Sputtering auto industry needs more than a bailout
TheStar.com – Opinion – Sputtering auto industry needs more than a bailout: Only a massive overhaul can get the engine of Ontario’s economy running smoothly again
November 12, 2008. Patrick Lavelle
As a result of the signing of the U.S.-Canada automotive agreement in 1965, the automotive industry, the assembly of vehicles and the manufacturing of parts have formed the backbone of the Ontario economy. And by virtue of the spinoff effect they also have played a crucial role in creating wealth and jobs in Canada.
With General Motors, Ford and Chrysler on their knees begging for money from the U.S. government – a demand that will probably be heeded by the Bush or Obama administration – governments in Canada are under the gun to do the same.
The Canadian parts industry, a mixture of subsidiaries of U.S. multinationals and Canadian independents (notably Magna International) have faced similar challenges in past recessions. But the current situation has more negative implications for the industry than any since Canadian prime minister Lester Pearson and U.S. president Lyndon Johnson signed the now obsolete agreement 43 years ago.
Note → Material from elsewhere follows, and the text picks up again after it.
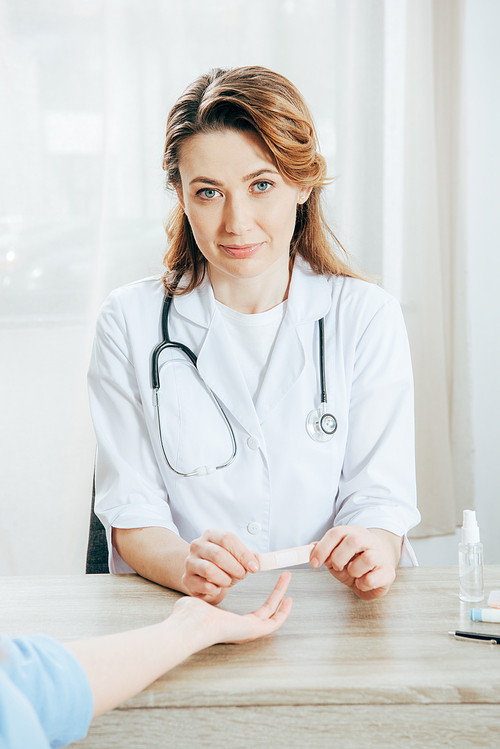 partial view of donor and doctor using adhesive bandage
With the failure of the so-called Big Three to respond to global competitive pressures over the past several decades, the Automotive Parts Manufacturers Association (APMA) – the lobby group for the independent parts industry – recently asked the governments to provide a staggering $1 billion in assistance to offset the current credit crunch in the U.S. industry.
Both the Ontario and the federal governments are likely to respond in some form. But there should be no enthusiasm for giving money to the companies without calling for a major restructuring of the Canadian industry, one that may impose short-term pain for the long-term gain of both its employees and shareholders.
In the past, governments have provided Band-Aid solutions for the parts industry by establishing loan guarantee funds or technology centres to improve productivity. The vehicle assemblers have already received billions in subsidies to encourage the building or expansion of assembly facilities in southwestern Ontario.
All of this can be justified based on the creation and maintenance of thousands of jobs and the spinoff effect of those jobs throughout the economy, especially in southern Ontario.
Many Canadians will undoubtedly be of the view that the industry has received enough help and that governments – facing growing deficits and debt – are not in any position to help one industry while ignoring many others that are or soon will be lining up for handouts.
Unfortunately, governments – particularly the Ontario government – have very few options and will have to come to the table, willingly or otherwise, or see the auto industry follow the Canadian steel industry into foreign hands without domestic input.
In view of the bilateral nature of our automotive trade flows, one would hope that the governments of Canada and the United States would co-operate fully where there are common approaches so that Canada will not be side-swiped by American policy decisions.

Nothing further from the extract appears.